I had a meeting in Soho house the other day. It was a sunny Wednesday afternoon. It was packed with beautiful people, media and PR types, chilling by the pool. Seemingly their job are to see and be seen – a triumph of style over substance. I was there in my suit, a slightly overweight middle aged man, attracting nothing but awkward sideways glances from the beautiful people. What are YOU doing here with US?

It is a sad fact, but in this world, appearances can count for a lot. For many people, if it looks good, it is good. If it looks bad, it is BAD.

And so it goes with financial models.

I have seen many financial models, which are beautifully presented, but when you take a look under the hood at the substance, they are shockingly put together, badly structured and filled with horrific formulae.

And guess what……..people love them. Many senior managers do not have the time (or the inclination) to delve into the detail of financial models and so, if it looks good they will take as read that the answer is right and they don’t care about the underlying structure. As we all know, this often does not end well.

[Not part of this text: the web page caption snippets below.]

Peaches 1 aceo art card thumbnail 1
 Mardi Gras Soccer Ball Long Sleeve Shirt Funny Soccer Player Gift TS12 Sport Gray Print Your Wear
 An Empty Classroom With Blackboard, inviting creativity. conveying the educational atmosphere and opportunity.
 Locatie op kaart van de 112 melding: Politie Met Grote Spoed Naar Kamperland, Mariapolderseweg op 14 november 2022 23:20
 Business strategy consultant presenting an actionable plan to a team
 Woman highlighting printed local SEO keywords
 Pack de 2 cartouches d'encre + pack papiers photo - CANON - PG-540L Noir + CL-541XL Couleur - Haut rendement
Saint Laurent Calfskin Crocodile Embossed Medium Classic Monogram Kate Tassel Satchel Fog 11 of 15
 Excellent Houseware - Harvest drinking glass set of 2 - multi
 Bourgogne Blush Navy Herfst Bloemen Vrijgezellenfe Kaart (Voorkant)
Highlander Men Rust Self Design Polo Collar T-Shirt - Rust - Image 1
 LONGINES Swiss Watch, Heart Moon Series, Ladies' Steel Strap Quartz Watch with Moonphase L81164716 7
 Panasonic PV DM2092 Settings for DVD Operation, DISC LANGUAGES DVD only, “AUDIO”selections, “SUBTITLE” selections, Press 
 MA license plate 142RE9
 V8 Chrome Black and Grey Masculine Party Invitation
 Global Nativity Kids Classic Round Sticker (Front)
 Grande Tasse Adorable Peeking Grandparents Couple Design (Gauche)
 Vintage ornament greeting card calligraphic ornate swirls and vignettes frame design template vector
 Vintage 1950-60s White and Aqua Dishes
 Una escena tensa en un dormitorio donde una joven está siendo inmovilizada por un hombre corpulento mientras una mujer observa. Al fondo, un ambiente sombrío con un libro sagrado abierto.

On the other hand, I have seen many financial models that are beautifully structured, the calculation logic is simple, robust, transparent and easy to understand, but…….no time and effort has been given to the look and feel. Output information has not been well laid out and charts and summary information are either not present or are poorly presented. Guess what, many senior managers don’t like them at all. If it looks bad at a superficial level, it is BAD. If the model looks bad, trust in its output will be low.

Do yourself a favour, build models with substance AND style. When it comes to financial modelling, as in life, good looks can get you a long way.